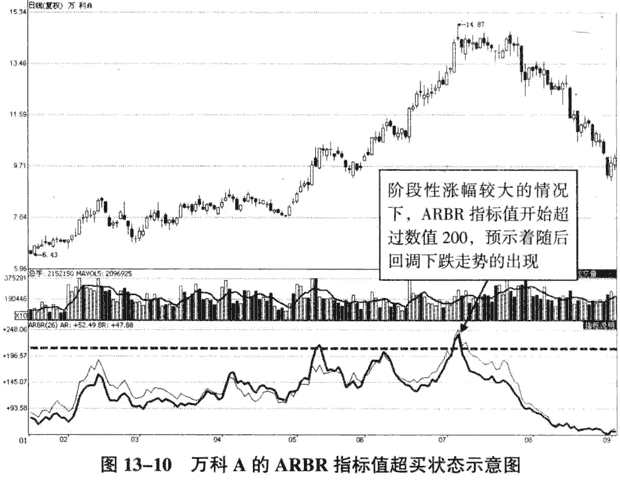 运用ARBR指标判断短期买卖点(图解)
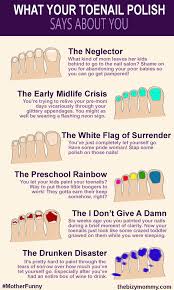 What Your Toenail Polish Says About You Infographic Toenail Polish Nail Health Toe Nails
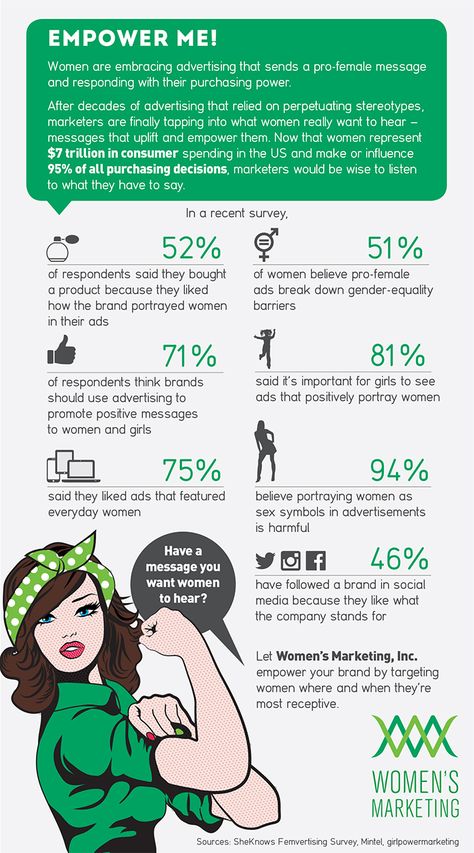 Infographic About Women Empowerment, Gender Empowerment Advertisement, Infographic Feminism, Women Empowerment Activities, Female Empowerment Tattoo, Women Infographic, Empowerment Activities, Women Science, Gender Inequality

▸ TASK BRIEF: Give the data above again, exactly and completely. No pictures go in.

▸ PROBLEM SOLUTION:
 运用ARBR指标判断短期买卖点(图解)
 What Your Toenail Polish Says About You Infographic Toenail Polish Nail Health Toe Nails
 Infographic About Women Empowerment, Gender Empowerment Advertisement, Infographic Feminism, Women Empowerment Activities, Female Empowerment Tattoo, Women Infographic, Empowerment Activities, Women Science, Gender Inequality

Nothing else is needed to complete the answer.